By a three-to-one margin, members of Connecticut Union of Telephone Workers/CWA Local 1298 ratified a new contract at Southern New England Telephone that provides substantial wage increases and moves workers significantly closer to industry wage and benefit standards. The vote ended a 26-day strike at the Connecticut-based independent telephone company that began Aug. 23.

The 32-month agreement covers some 6,300 workers — operators, technicians, customer service representatives — and provides an across-the-board compounded wage increase of 11.4 percent, and additional equity pay raises that will boost annual earnings by 15.9 percent. Upgrades for workers in several job classifications, including installation and repair technicians, will boost wages even higher.

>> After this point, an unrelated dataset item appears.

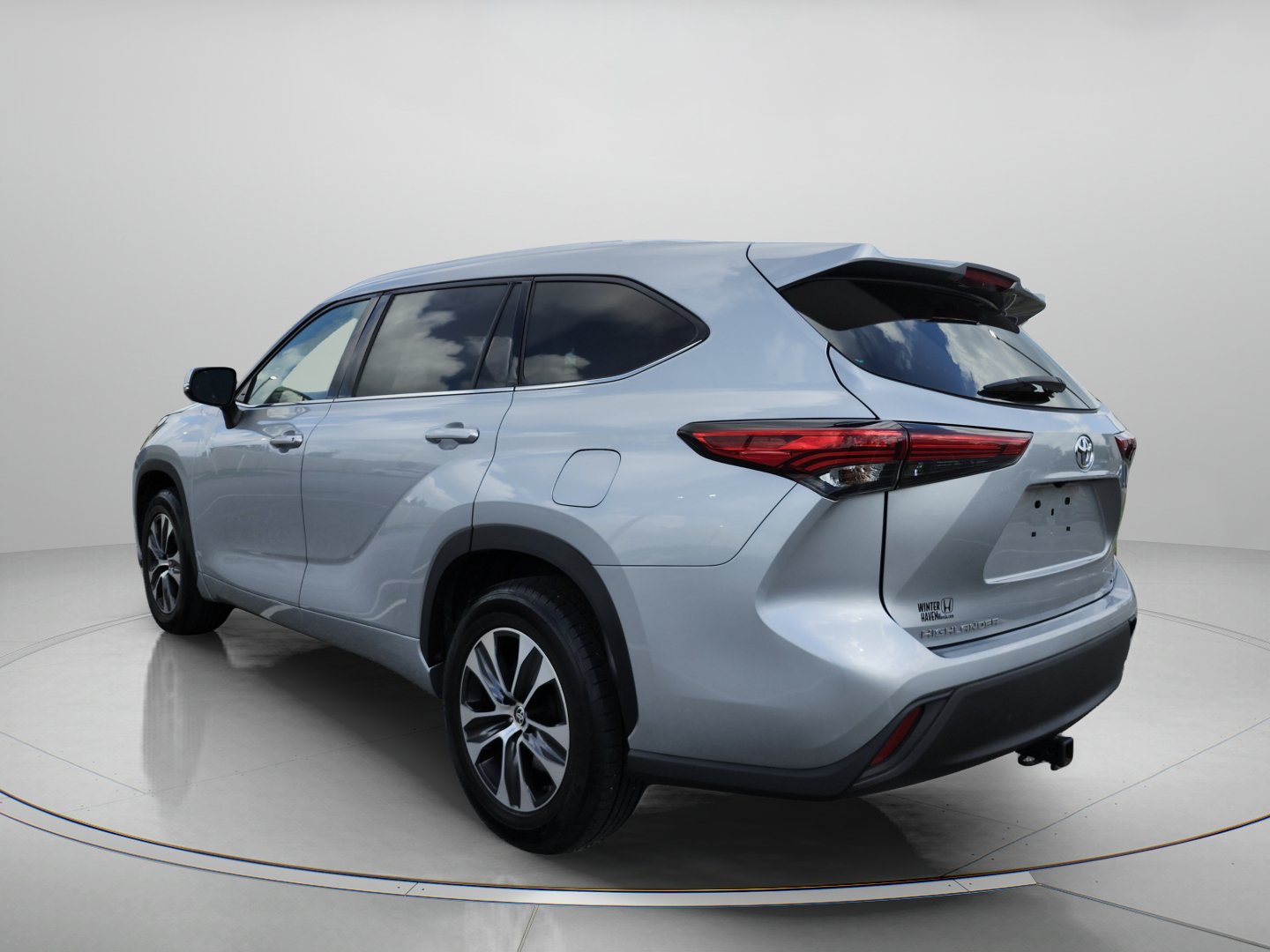 Used 2021 Toyota Highlander XLE FWD image 7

The agreement ends the company’s two-tier health plan that unfairly penalized newer workers. It eliminates all health care premium costs for both individual and family coverage by the end of the contract term for the point of service option, and expands dental, vision and other health care benefits.

The contract improves the cash balance account retirement plan, with increased benefits for longer-service workers, and increases that raise the base on which company contributions are determined. Limits on overtime hours, improvements in hours and holiday pay and new job security provisions are among other contract gains.

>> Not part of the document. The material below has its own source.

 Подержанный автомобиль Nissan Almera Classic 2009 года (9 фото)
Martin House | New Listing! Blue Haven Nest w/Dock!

Solidarity, lots of hard work and the support of CWA members throughout the union made all the difference.

At a Hartford rally, CWA President Morton Bahr told SNET workers that "this strike is the focus of our entire union, especially the 100,000 members of SBC companies." Following up on a pledge of support made during the CWA convention, Vice Presidents Jeff Rechenbach, District 4, Ben Turn, District 6, and Tony Bixler, District 9, who headed the SBC Workers Solidarity Committee, joined thousands of SNET strikers at weekly mass rallies in Hartford, New Haven, Meriden, Milford and other communities. SBC, formed by the merger last year of Pacific Telesis and Southwestern Bell, is buying both Ameritech and SNET.

Picket lines were strong, communication with the membership was constant, and support operations seemed to be on a "24-7 " schedule. One way strikers kept the heat on management — and scabs — was through "mobile picketing." Roving strikers followed the work and followed replacement workers as they set out each morning. This tactic captured both the public’s — and SNET’s — attention, with some customers inviting strikers into their homes to watch over the work being performed by scabs, while the company’s hired gun, the union-busting law firm of Jackson, Lewis, Schnitzler & Krupman, tried to block the union’s right to picket through court action.

Unfair labor practice charges filed by the company and a sham anti-picketing lawsuit sought by the Jackson, Lewis firm have been dropped, the local reported.

Even before the strike began, the SNET workers were determined to get their message out, and to get a fair contract. From leafleting at SNET-sponsored Pilot Pen tennis tournaments to a "garden party" and personal confrontation with SNET chief executive Dan Miglio in his own neighborhood — taped by an accompanying local television crew — to delegations of strikers building support on the campuses of Yale University and Connecticut College, union members made their case for justice.

CWA also supported the campaign with radio and print advertising in Hartford, New Haven and other communities.

Vice President Al Gore met with strikers in Meriden, and, along with other national and state elected officials, urged CWA members "to keep up the good fight." Other messages of support and solidarity came from Puerto Rican telephone union leaders Annie Cruz, Independent Brotherhood of Telephone Workers, and Jose Acosta, Independent Union of Telephone Workers, who attended the Mitford rally, and from CWA Executive Vice President Larry Cohen, who joined a huge turnout in Hartford.

The SNET strikers also worked with community allies and consumer organizations who monitored the company’s poor service during the strike and called on the Connecticut Department of Public Utility Control to provide rebates to customers.